3. Section 1819(a)Fifth provides in relevant part: "To appoint by its Board of Directors such officers and employees as are not otherwise provided for in this Act, to define their duties, fix their compensation, require bonds of them and fix the penalty thereof, and to dismiss at pleasure such officers or employees." 12 U.S.C. § 1819(a)Fifth (emphasis added).
4. See EO 12976, § 2(a); 6.
5. Indeed, the reporting requirements are similar to those to which the FDIC already is subject. See 12 U.S.C. § 1833b (requiring the FDIC, "in establishing and adjusting schedules of compensation and benefits," to inform several other agencies and Congress "of such compensation and benefits and . . . seek to maintain comparability regarding compensation and benefits"). In any event, section 1819(a)Fifth only contains a broad grant of authority to fix compensation, which is subject to more specific limitations.
6. We do not mean to suggest concurrence in the FDIC's view of itself as an independent agency.
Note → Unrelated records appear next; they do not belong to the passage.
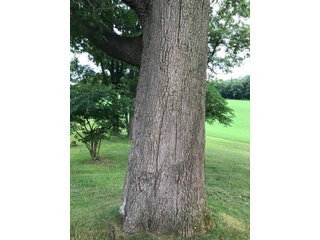TRACT 4 - REAL ESTATE AUCTION - 2 PRESTIGUOUS HOMES - 66+/- ACRES IN 5 TRACTS IN NOBLE COUNTY, INDIANA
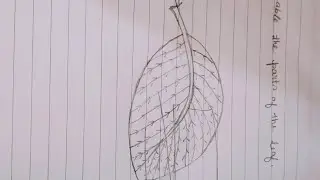 How to make label the parts of the leaf.|| Shama vlog channel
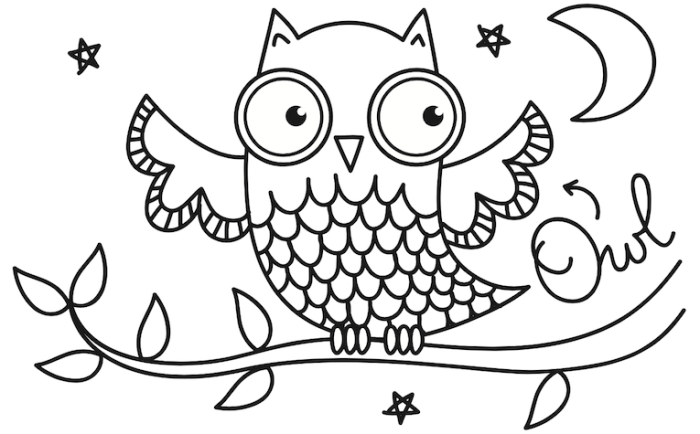 Nocturnal animals coloring sheets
A comprehensive discussion of the relevant principles appears in Memorandum for the General Counsels of the Federal Government from Walter Dellinger, Assistant Attorney General, Office of Legal Counsel, Re: The Constitutional Separation of Powers between the President and Congress, 51 (May 7, 1996). For purposes of this memorandum, it is not necessary to decide what, if any, independence from presidential control the FDIC possesses.
7. The term "agency" also includes the District of Columbia government but does not include "the legislative branch or the Supreme Court." 31 U.S.C. § 1101(1).